*What to work on*. These records contain pictures, which must be left out; copy exactly the lines from the one with "Casa de 4 alcobas" up to and including the one with "Mechanik BestDrive pri výmene pneumatiky".

*Data shown*.
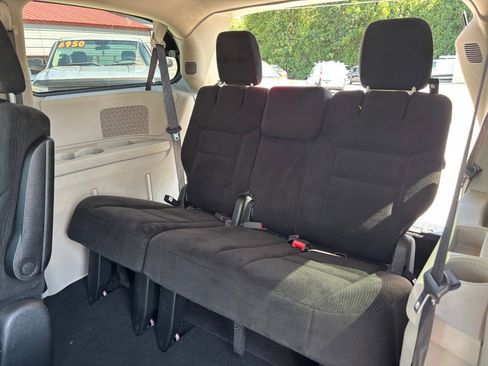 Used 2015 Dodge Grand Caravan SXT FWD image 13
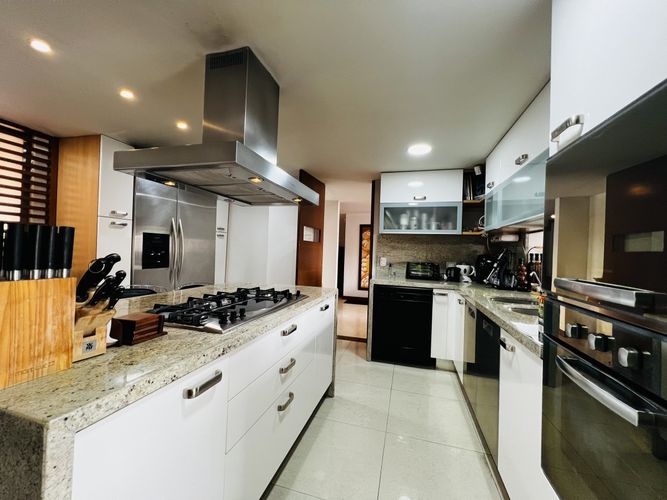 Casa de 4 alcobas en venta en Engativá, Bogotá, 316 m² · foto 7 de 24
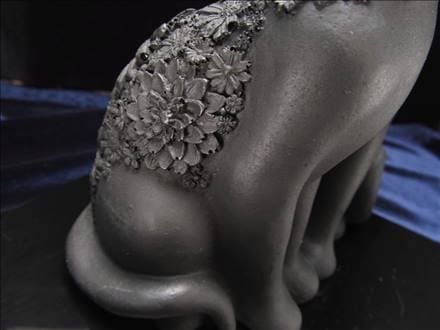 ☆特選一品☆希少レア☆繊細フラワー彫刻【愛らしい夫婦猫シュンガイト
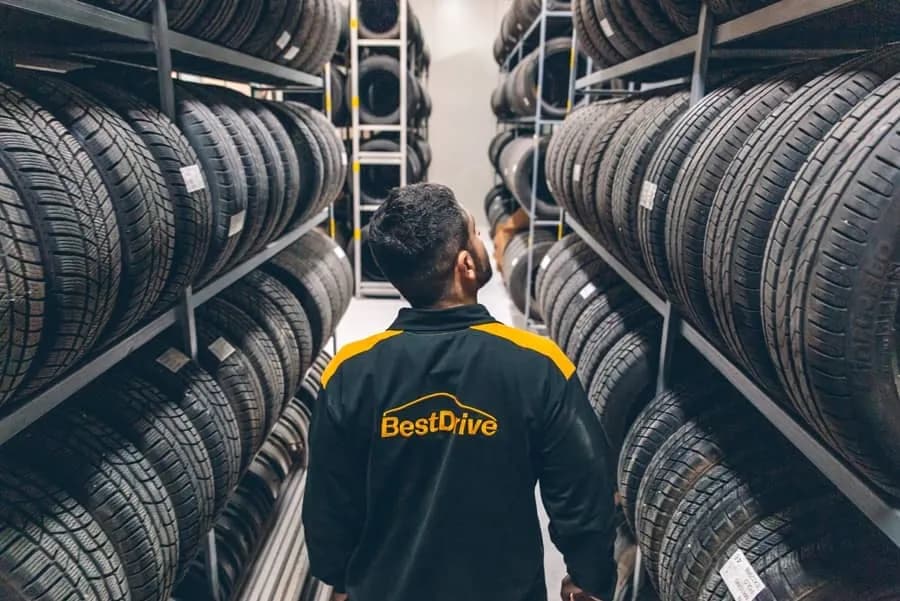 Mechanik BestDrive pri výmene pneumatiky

...

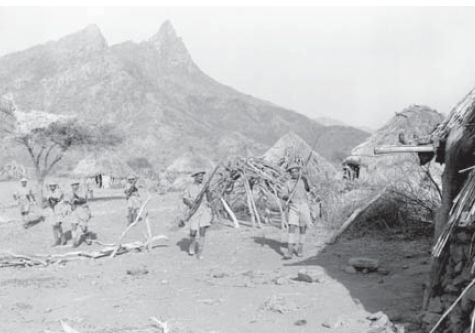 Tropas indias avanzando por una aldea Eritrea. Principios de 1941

*Exercise result*.
 Casa de 4 alcobas en venta en Engativá, Bogotá, 316 m² · foto 7 de 24
 ☆特選一品☆希少レア☆繊細フラワー彫刻【愛らしい夫婦猫シュンガイト
 Mechanik BestDrive pri výmene pneumatiky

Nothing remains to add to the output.